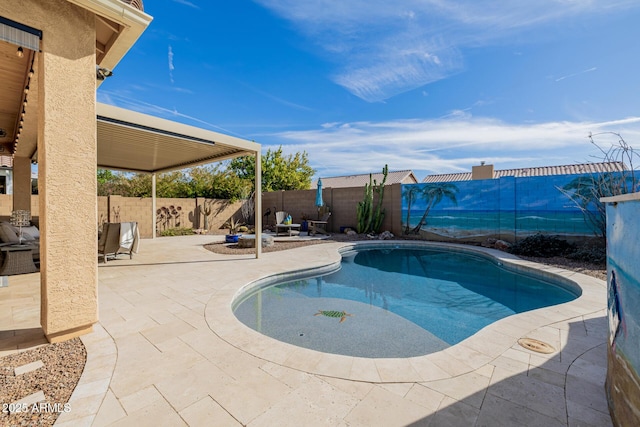 view of swimming pool with a patio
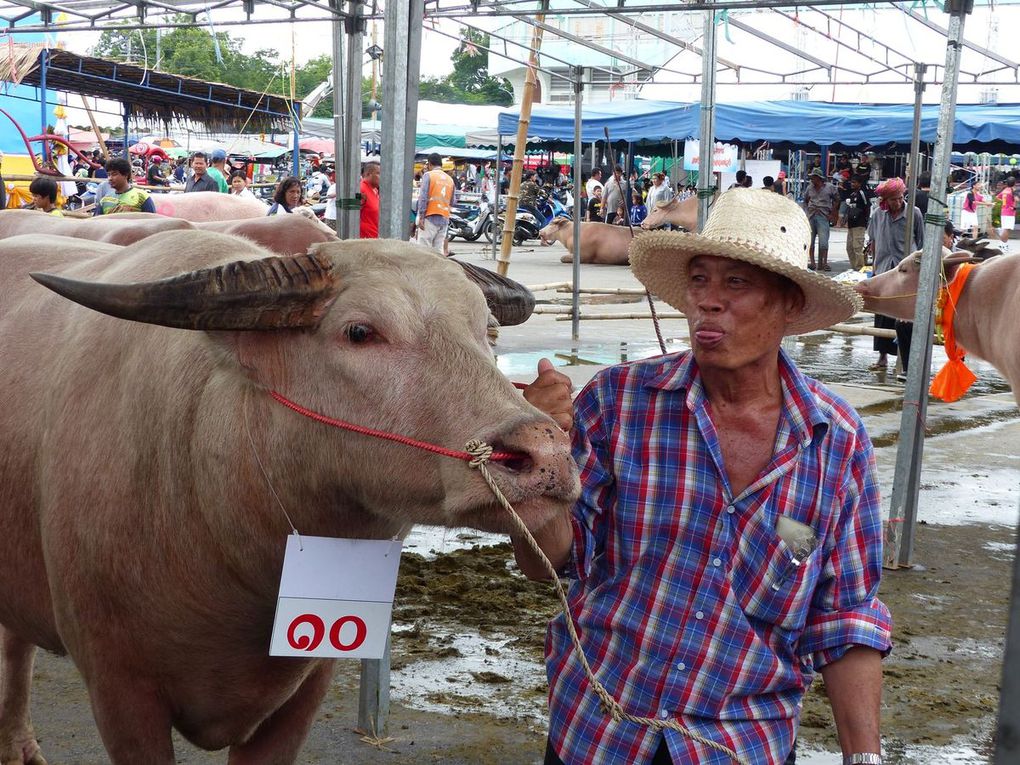 Visages de Thaïlande (18-38) - au Chonburi Buffalo Racing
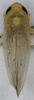 Habitus, dorsal view on Elymana pallidipennis (Lindberg, 1929): (Observation).
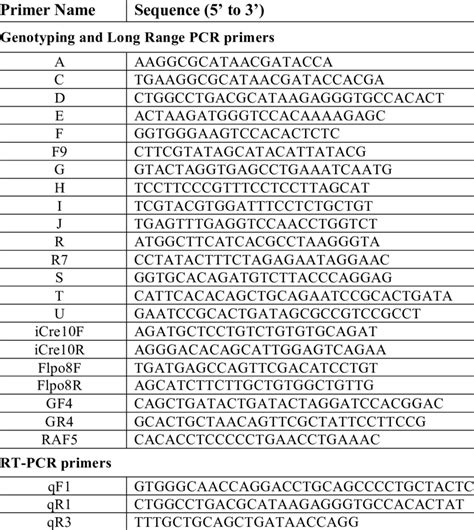 List Of Primers Used In This Study All Primer Sequences Listed To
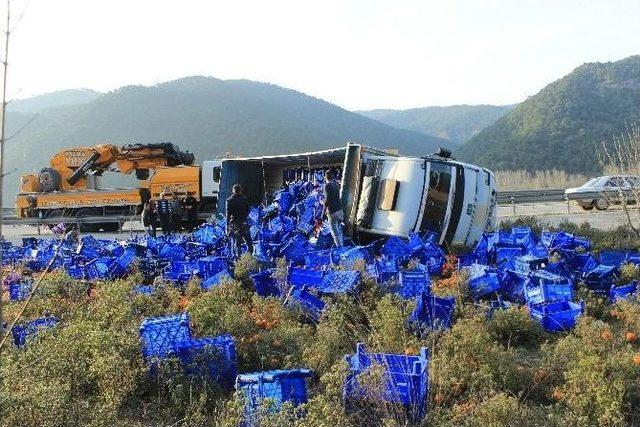 Osmaneli’de Meyve Yüklü Kamyon Devrildi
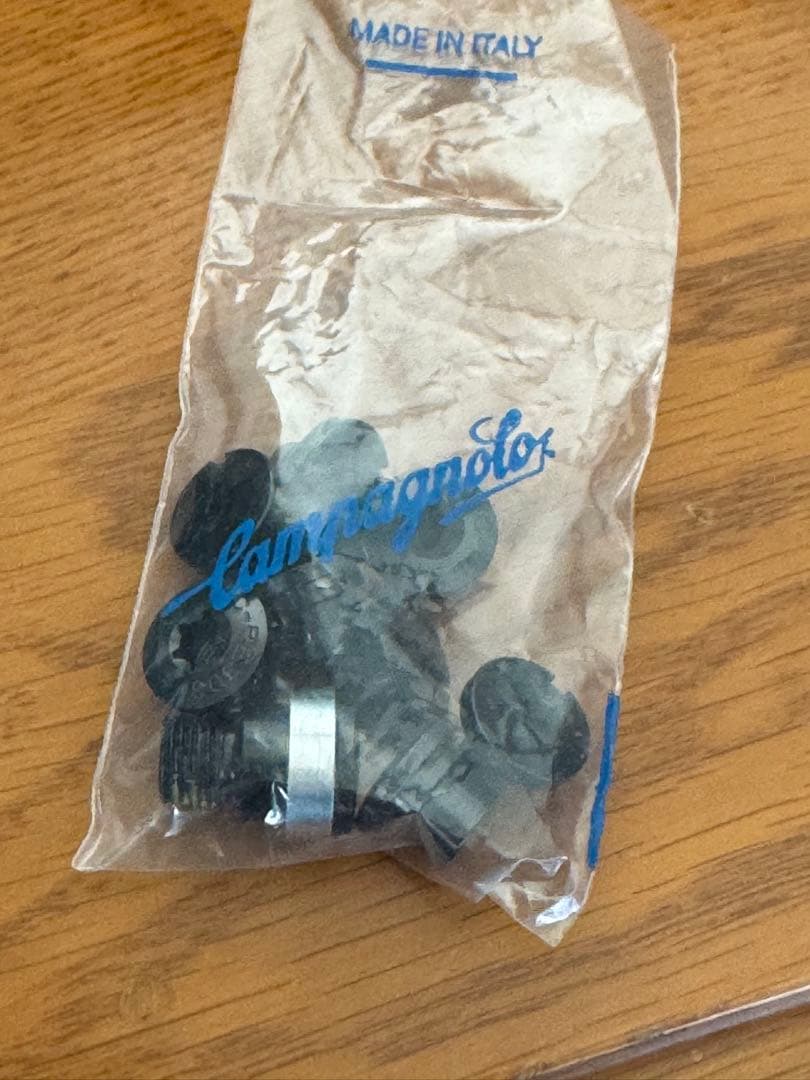 希少Campagnolo FC-SR100 クランクセット用ネジとボルト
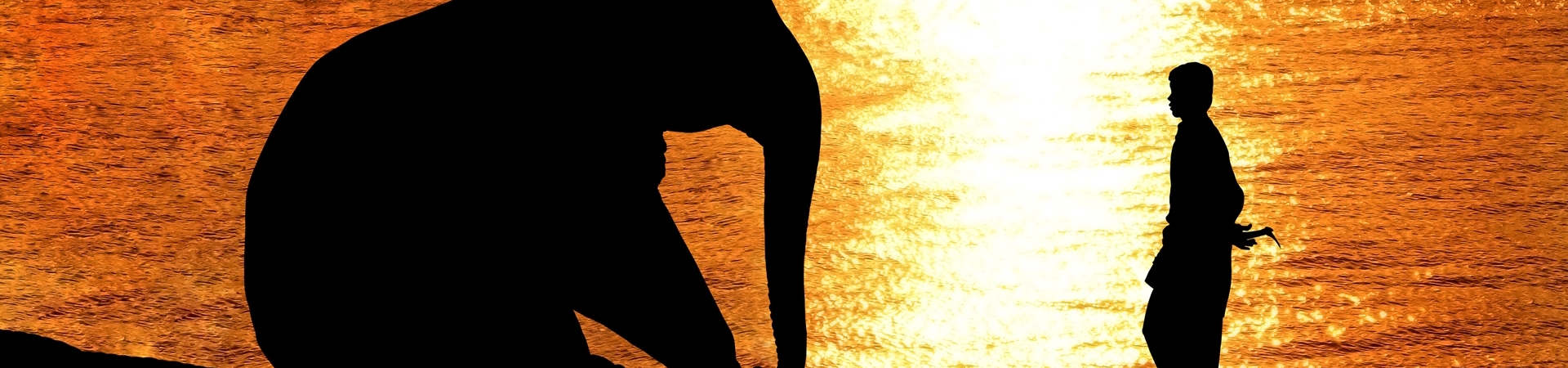 Image of Anurak Community Lodge Beach & Rainforest Natural Safari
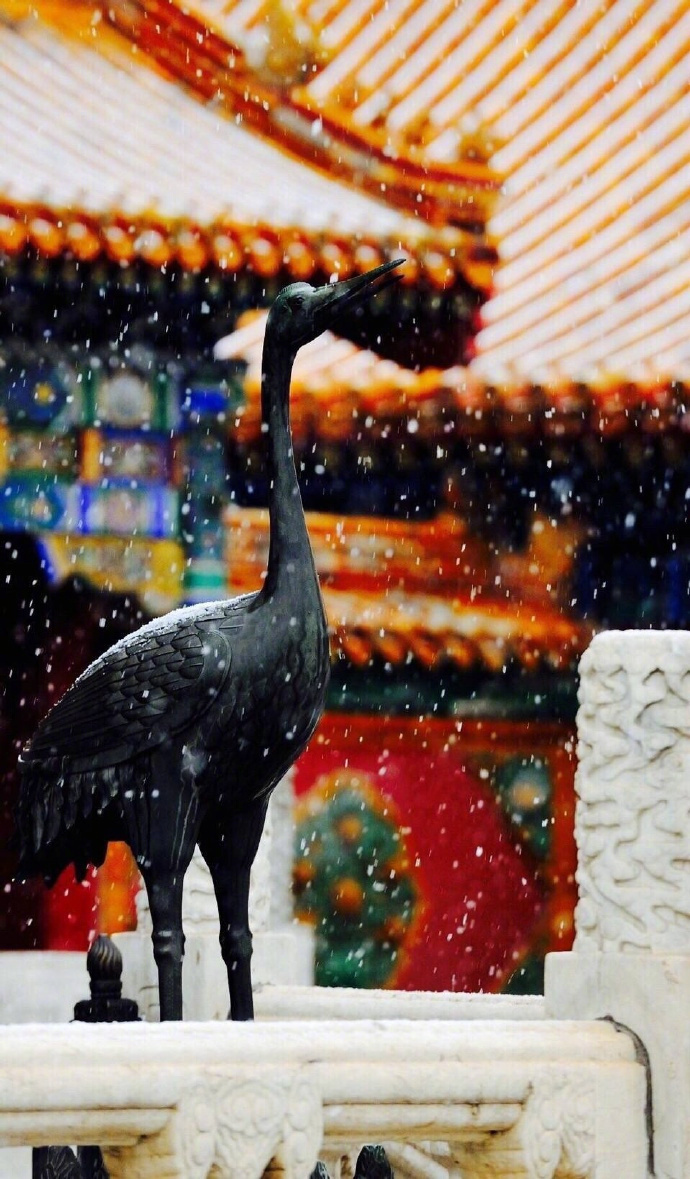 冬天雪景唯美手机壁纸图片图片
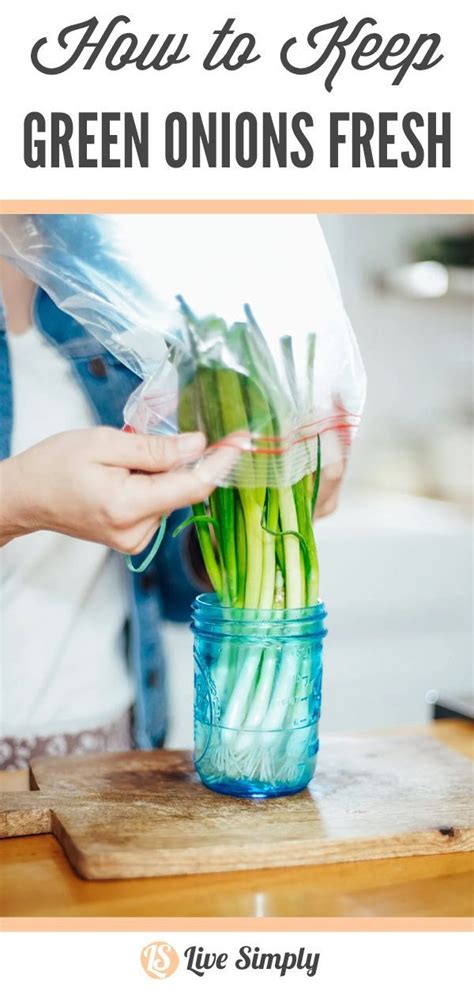 How to Keep Green Onions Fresh | Green onions, Onion, Fresh onions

☆ ☆ ☆ ☆ ☆

(TASK DESCRIPTION): Please retype every record shown above, exactly as written, but without pictures.

(RESULT OF THIS TASK):
 view of swimming pool with a patio
 Visages de Thaïlande (18-38) - au Chonburi Buffalo Racing
 Habitus, dorsal view on Elymana pallidipennis (Lindberg, 1929): (Observation).
 List Of Primers Used In This Study All Primer Sequences Listed To
 Osmaneli’de Meyve Yüklü Kamyon Devrildi
 希少Campagnolo FC-SR100 クランクセット用ネジとボルト
 Image of Anurak Community Lodge Beach & Rainforest Natural Safari
 冬天雪景唯美手机壁纸图片图片
 How to Keep Green Onions Fresh | Green onions, Onion, Fresh onions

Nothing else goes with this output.